In the wake of the closure of the Smith Apartments, where tenants lived without heat because the owners refused to repair a boiler, Salt Lake Mayor Palmer DePaulis said the city must strengthen its housing laws.

The city placed the building's last tenants in housing provided by the Housing Authority this week after the apartments were closed because the owners failed to comply with an order to repair the building's heat facilities."I think we really need to strongly look at some new ordinances . . . to allow the city to get tougher with the situations that we've now found have become more than just an isolated case," DePaulis told reporters Thursday.

The apartments, at 230 S. Third East, are owned by First National Leasing, which also owns three other low-income apartment complexes in the city, some of which also have been cited for building-code violations.

"The city was not able to move in and help protect the tenants with any kind of enforcement that would allow the landlords to keep those apartments heated and habitable in a clean and safe way," DePaulis said.

"I think we need to have something that is equitable, reasonable and that's acceptable but will give us more teeth in enforcing our current ordinance," DePaulis said.

Sacramento, Calif., and Dallas have ordinances that to some extent force landlords to maintain their properties in livable condition.

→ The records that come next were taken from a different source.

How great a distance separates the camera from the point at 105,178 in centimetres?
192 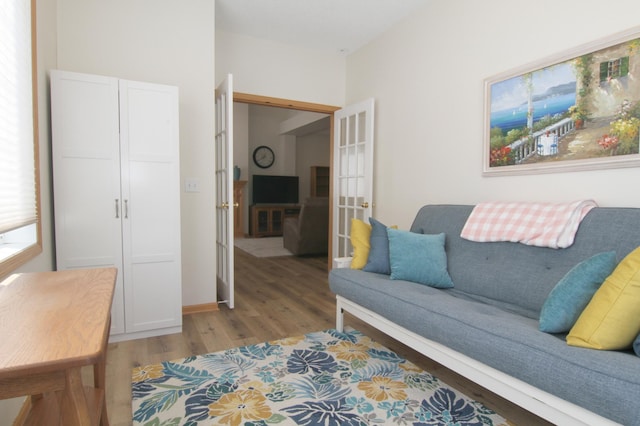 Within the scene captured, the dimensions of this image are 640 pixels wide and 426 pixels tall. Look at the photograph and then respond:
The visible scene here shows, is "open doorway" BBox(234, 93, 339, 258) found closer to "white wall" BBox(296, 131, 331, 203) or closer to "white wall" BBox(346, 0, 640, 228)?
"white wall" BBox(296, 131, 331, 203)

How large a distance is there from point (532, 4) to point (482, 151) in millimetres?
953

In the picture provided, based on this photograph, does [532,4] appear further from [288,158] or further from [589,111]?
[288,158]

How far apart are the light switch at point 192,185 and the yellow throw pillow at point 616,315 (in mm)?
2695

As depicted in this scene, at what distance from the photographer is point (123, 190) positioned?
245 cm

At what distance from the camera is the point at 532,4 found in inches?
89.4

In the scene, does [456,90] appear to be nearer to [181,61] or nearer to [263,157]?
[181,61]

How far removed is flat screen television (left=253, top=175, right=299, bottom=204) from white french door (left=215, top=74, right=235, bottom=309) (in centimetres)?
493

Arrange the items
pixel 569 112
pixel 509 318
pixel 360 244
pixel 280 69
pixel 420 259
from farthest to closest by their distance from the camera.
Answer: pixel 280 69 < pixel 360 244 < pixel 420 259 < pixel 569 112 < pixel 509 318

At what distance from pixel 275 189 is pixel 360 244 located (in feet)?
20.2

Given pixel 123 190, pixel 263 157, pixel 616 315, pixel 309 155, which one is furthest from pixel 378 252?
pixel 309 155

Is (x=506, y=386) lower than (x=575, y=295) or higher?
lower

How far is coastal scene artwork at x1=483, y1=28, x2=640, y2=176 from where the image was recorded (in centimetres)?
186

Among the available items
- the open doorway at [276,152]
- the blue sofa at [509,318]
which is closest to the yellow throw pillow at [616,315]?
the blue sofa at [509,318]

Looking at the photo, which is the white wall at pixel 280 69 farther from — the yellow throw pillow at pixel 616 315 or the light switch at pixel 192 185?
the yellow throw pillow at pixel 616 315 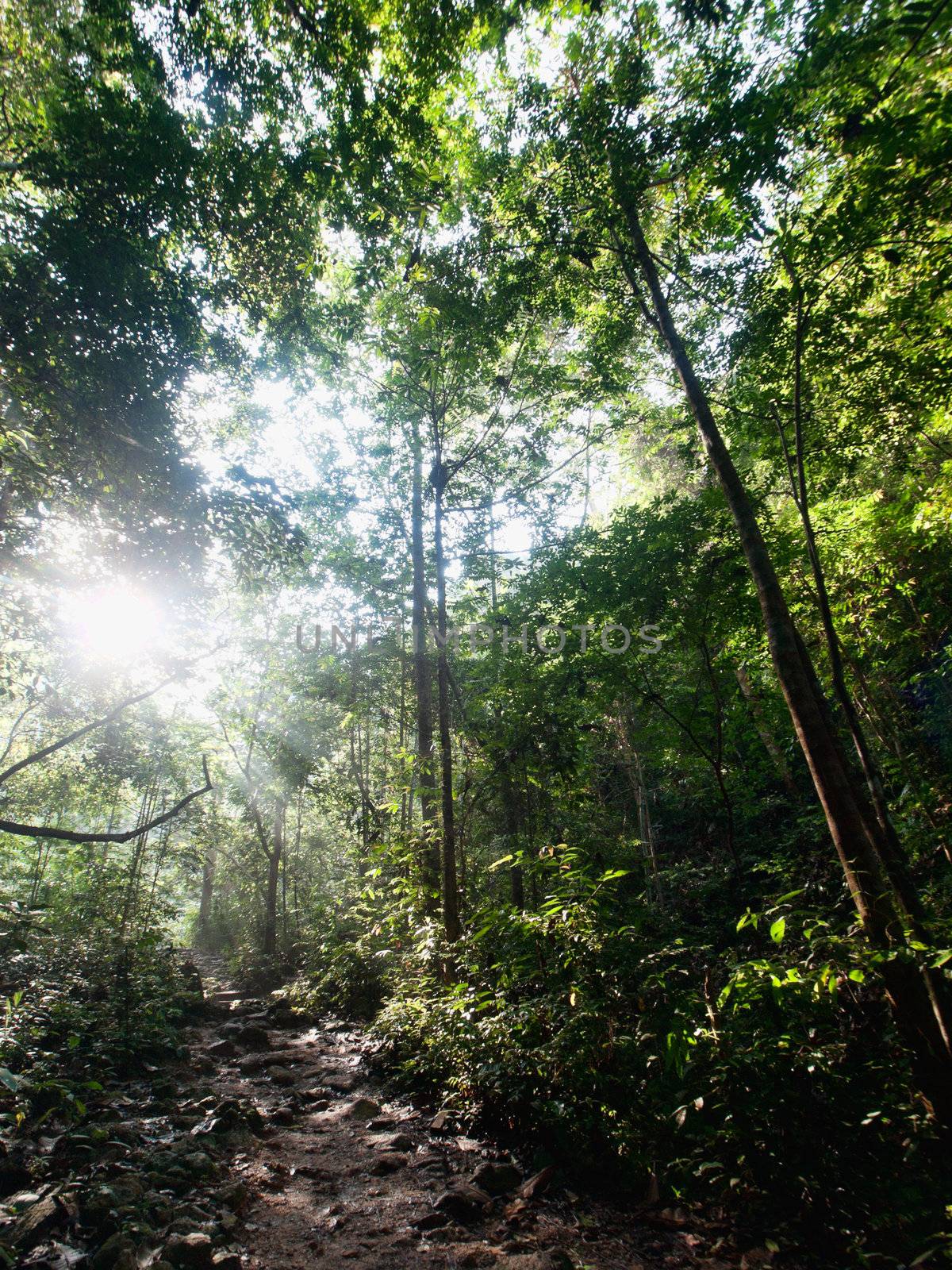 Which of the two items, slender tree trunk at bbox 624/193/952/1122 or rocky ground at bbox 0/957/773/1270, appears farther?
slender tree trunk at bbox 624/193/952/1122

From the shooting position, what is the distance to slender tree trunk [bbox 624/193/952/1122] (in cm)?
345

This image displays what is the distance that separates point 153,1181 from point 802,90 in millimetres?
9495

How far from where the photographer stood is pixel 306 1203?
13.7 feet

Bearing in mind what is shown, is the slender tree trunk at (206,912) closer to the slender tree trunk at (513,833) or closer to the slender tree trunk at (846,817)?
the slender tree trunk at (513,833)

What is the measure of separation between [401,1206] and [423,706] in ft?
26.3

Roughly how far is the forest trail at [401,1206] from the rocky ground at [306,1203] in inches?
0.5

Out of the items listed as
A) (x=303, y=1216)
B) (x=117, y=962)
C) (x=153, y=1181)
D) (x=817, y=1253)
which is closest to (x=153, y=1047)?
(x=117, y=962)

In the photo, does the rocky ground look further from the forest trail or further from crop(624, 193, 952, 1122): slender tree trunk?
crop(624, 193, 952, 1122): slender tree trunk

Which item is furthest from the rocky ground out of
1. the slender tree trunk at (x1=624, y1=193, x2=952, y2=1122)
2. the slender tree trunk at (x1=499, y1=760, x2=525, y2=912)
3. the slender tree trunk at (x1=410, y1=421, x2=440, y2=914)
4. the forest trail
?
the slender tree trunk at (x1=499, y1=760, x2=525, y2=912)

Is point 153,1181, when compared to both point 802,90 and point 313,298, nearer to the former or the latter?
point 313,298

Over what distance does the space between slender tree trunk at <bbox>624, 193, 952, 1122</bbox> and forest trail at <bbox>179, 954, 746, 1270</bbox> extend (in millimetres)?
1677

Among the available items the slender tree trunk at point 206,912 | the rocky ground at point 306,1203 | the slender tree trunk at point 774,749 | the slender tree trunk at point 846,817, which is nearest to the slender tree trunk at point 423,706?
the rocky ground at point 306,1203

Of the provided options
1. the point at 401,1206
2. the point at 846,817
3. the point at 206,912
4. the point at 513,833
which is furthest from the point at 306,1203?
the point at 206,912

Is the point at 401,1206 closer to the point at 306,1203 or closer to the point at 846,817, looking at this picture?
the point at 306,1203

Those ordinances could serve as a model for the city, said Pete Suazo, mayoral executive assistant.

Last year, Utah Legal Services presented a proposed landlord-tenant ordinance that the mayor rejected, saying it was a matter to be addressed by the state so as not to create an isolated pocket of housing legislation.

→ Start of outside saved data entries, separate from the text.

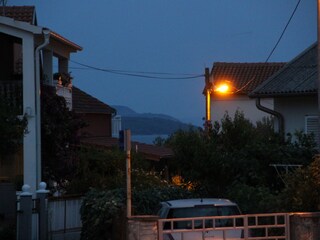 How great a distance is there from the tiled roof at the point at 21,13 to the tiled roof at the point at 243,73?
26.3 meters

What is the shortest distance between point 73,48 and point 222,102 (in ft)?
92.7

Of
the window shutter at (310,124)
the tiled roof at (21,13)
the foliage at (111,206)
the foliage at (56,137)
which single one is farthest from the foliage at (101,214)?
the tiled roof at (21,13)

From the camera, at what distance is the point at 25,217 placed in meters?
17.3

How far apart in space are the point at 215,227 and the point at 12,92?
413 inches

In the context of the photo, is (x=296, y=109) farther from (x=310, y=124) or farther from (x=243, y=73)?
(x=243, y=73)

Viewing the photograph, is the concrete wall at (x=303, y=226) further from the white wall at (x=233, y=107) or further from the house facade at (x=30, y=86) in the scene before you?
the white wall at (x=233, y=107)

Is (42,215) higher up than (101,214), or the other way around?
(101,214)

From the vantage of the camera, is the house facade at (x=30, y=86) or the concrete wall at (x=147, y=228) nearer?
the concrete wall at (x=147, y=228)

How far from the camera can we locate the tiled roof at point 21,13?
25008mm

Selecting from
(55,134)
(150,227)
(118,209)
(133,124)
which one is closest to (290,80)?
(55,134)

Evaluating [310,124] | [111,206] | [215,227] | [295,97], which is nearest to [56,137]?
[111,206]

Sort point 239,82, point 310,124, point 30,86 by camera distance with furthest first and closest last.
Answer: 1. point 239,82
2. point 310,124
3. point 30,86

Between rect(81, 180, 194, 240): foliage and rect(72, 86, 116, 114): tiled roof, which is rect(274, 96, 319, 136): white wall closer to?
rect(81, 180, 194, 240): foliage

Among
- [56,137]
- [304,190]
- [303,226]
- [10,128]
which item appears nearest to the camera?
[303,226] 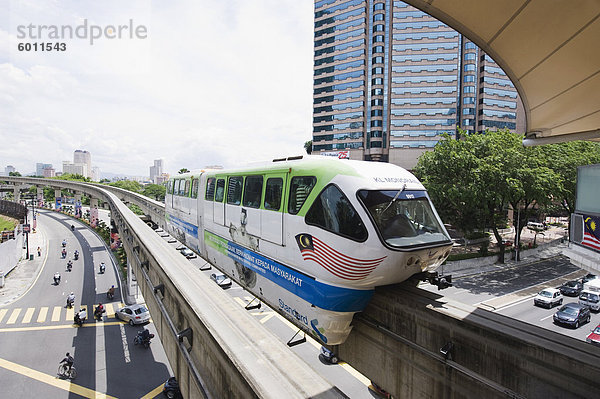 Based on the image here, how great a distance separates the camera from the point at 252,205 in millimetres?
8703

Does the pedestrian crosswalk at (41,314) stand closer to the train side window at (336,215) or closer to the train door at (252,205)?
the train door at (252,205)

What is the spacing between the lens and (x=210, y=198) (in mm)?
11812

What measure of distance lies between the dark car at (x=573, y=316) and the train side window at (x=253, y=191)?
20505 millimetres

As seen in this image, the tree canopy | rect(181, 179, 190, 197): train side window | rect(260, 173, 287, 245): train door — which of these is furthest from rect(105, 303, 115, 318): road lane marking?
the tree canopy

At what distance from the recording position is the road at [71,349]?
15742 mm

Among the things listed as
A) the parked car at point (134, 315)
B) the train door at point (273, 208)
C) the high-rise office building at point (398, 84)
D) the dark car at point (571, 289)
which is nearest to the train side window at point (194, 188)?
the train door at point (273, 208)

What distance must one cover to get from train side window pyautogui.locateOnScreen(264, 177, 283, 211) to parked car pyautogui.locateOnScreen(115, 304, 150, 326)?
1984 cm

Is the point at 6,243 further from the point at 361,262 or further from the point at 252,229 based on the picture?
the point at 361,262

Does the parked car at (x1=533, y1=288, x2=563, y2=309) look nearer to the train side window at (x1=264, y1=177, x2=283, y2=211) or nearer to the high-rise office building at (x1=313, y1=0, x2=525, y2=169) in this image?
the train side window at (x1=264, y1=177, x2=283, y2=211)

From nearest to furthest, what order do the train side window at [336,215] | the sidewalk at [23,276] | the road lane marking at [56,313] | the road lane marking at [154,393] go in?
the train side window at [336,215]
the road lane marking at [154,393]
the road lane marking at [56,313]
the sidewalk at [23,276]

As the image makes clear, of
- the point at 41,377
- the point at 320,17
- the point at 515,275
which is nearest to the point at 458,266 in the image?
the point at 515,275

Landord-tenant legislation is ineffective if it only addresses problems in the city and not the county, DePaulis said Thursday. But a city ordinance would help "zero in" on specific problems in Salt Lake City.

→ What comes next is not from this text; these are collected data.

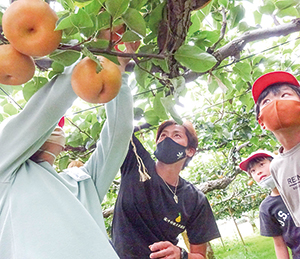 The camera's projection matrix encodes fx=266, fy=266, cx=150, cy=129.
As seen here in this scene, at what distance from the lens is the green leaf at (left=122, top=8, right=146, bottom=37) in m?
0.62

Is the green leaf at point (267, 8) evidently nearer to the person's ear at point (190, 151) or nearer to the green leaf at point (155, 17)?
the green leaf at point (155, 17)

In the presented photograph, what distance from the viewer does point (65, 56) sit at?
0.63 metres

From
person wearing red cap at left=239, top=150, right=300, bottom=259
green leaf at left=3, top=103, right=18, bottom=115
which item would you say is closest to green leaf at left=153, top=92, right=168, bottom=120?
green leaf at left=3, top=103, right=18, bottom=115

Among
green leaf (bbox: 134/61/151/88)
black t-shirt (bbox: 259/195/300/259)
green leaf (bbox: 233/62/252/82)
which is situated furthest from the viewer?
black t-shirt (bbox: 259/195/300/259)

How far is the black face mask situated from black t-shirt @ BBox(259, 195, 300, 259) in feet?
2.86

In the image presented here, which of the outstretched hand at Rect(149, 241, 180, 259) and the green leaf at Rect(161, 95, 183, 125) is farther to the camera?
the outstretched hand at Rect(149, 241, 180, 259)

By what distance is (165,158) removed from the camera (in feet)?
4.80

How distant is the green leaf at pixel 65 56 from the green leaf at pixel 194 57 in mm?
301

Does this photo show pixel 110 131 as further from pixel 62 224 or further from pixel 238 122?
pixel 238 122

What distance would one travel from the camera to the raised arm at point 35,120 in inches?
27.7

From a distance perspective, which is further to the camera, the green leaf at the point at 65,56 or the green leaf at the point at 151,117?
the green leaf at the point at 151,117

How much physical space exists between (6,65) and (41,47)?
3.9 inches

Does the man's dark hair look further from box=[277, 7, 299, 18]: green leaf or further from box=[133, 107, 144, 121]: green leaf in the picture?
box=[277, 7, 299, 18]: green leaf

The proposed ordinance calls for enabling tenants to withhold rent if repairs are not attended to. DePaulis called such a provision "a sensitive issue" and suggested instead rent money be held in escrow in some events.

"People have to pay their rents . . . but at the same time by escrowing those rents and not allowing them to be paid in full until the issue is taken care of, that might be a better way to go," he said.